Keeping emerge on the other hand is quite easy.

Yoong


----------



## rs79 (Dec 7, 2004)

I've heard the "secret" of growing striolata submersed is good water movemet. Looking at the terra typica here that seems to make sense.

CO2 would probably help a lot, too. Or flourish excel.


----------



## Cavan Allen (Jul 22, 2004)

Can you tell us anything about the water chemistry and so on, Mike?


----------



## Kai Witte (Jan 30, 2006)

Hello Mike,

Thanks a lot for the continuing stream of all your nice pics!

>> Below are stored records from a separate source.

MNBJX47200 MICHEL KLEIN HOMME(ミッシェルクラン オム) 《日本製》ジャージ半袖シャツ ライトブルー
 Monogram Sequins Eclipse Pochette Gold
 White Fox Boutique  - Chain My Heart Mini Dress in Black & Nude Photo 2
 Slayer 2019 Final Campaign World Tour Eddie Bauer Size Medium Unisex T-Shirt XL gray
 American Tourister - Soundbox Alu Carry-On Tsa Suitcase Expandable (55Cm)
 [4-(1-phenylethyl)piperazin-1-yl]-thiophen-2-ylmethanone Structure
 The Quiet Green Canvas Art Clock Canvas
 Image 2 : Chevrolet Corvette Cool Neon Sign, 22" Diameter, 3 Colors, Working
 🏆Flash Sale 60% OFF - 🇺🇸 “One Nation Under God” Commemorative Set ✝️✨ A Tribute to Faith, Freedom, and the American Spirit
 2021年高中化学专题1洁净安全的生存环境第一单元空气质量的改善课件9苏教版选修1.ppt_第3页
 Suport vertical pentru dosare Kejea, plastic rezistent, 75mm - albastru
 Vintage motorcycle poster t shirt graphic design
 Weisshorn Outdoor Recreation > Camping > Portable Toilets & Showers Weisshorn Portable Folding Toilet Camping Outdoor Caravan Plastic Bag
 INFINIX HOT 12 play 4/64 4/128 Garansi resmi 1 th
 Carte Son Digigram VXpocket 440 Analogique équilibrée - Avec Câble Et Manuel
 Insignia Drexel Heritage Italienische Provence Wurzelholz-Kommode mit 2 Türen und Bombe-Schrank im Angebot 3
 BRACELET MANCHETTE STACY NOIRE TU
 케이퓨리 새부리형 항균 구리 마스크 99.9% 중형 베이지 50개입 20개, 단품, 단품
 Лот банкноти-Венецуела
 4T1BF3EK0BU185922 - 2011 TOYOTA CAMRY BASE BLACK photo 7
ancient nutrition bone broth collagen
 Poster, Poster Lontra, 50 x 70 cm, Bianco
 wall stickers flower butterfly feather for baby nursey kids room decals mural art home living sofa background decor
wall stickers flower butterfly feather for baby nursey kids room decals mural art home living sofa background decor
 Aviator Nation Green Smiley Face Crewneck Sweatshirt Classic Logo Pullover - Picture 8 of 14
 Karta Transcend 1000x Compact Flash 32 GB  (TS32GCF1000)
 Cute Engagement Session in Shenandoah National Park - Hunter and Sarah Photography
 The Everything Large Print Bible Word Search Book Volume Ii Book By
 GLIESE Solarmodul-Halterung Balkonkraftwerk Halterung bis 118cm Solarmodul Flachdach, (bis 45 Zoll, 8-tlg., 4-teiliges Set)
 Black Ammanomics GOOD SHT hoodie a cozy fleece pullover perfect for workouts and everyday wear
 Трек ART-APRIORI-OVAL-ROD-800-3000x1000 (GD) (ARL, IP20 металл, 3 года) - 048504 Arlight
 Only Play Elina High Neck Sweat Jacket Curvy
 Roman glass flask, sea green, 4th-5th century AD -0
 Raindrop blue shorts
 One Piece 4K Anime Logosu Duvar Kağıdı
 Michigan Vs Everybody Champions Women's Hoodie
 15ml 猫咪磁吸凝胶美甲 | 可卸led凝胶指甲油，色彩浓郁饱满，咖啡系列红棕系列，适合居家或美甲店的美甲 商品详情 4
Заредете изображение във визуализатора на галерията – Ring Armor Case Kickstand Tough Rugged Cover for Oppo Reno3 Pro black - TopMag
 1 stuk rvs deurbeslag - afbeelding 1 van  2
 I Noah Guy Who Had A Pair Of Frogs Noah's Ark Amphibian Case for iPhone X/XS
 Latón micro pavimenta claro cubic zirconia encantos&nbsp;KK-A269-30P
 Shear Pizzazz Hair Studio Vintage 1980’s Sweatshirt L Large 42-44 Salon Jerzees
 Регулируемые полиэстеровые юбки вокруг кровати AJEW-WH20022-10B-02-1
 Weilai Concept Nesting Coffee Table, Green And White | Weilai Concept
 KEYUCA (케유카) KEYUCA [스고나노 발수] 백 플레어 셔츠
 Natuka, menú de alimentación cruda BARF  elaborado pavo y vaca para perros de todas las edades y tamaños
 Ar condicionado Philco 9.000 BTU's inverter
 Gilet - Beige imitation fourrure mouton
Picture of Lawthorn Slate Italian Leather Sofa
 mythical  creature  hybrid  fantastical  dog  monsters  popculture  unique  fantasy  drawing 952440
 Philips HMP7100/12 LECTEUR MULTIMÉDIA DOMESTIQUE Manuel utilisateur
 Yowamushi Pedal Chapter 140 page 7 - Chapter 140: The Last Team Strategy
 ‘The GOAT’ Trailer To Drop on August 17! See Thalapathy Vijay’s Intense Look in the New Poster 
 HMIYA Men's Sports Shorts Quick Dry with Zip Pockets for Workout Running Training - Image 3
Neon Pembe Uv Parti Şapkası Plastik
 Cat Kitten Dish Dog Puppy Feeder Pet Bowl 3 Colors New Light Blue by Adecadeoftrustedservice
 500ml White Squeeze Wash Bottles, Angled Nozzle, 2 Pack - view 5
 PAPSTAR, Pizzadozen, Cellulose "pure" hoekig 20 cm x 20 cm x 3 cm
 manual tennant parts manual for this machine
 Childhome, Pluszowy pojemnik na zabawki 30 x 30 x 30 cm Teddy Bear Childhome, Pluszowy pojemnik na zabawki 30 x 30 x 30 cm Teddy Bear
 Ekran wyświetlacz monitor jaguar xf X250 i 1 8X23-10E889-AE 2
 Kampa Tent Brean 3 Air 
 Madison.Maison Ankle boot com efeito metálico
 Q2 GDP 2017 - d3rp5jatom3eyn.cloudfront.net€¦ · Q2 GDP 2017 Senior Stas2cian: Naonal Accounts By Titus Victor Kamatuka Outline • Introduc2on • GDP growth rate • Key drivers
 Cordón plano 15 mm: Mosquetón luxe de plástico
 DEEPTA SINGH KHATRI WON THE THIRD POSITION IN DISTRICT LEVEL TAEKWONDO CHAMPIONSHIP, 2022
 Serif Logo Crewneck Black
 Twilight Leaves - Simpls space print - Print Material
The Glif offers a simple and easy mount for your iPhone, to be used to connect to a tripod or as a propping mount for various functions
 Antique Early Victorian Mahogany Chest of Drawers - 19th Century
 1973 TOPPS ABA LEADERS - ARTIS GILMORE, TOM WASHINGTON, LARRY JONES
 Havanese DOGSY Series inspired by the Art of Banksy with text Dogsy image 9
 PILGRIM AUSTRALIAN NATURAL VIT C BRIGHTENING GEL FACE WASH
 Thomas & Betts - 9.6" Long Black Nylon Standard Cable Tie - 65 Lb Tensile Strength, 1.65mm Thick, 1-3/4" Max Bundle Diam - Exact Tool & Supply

Have you ever seen a flower of Barclaya inhabiting hillstreams? I'd love to see more Barclaya populations and their habitats!


----------



## Kai Witte (Jan 30, 2006)

> Can you tell us anything about the water chemistry and so on, Mike?


Hello Cavan,

This crypt usually inhabits smaller hillstreams: In Sarawak their water chemistry is most often pretty much indentical with pure rainwater: 10 uS/cm is a quite typical figure - spit in a bucket of distilled water and you're ready to go! 

However, a few striolata populations have also been found in water with low but measurable hardness and slightly alkaline pH. For submersed culture make sure that there is a little of CO2 available and some current also helps in my experience. Still, this is a slowly growing species and you need to keep growth of algae at bay for success in submersed culture!


----------



## junglemike (Aug 3, 2007)

Yoong said:


> Mike
> Nice pictures.
> 
> I tried growing strolata submerge but failed. Don't find them easy to keep submerge aquarium. Don't mine sharing your secret.
> ...


Emersed one is doing better than submerged one. Key is it like water movement..


----------



## junglemike (Aug 3, 2007)

Cavan Allen said:


> Can you tell us anything about the water chemistry and so on, Mike?


I didn't measure. water is a little bit soft, probably water ph is between 6.5 to 7.0, water is cool, got movement, sandy substrate.


----------



## junglemike (Aug 3, 2007)

Kai Witte said:


> Hello Mike,
> 
> Thanks a lot for the continuing stream of all your nice pics!
> 
> Have you ever seen a flower of Barclaya inhabiting hillstreams? I'd love to see more Barclaya populations and their habitats!


I have seen it but I didn't photograph cos to me it is very common plant...like weed.


----------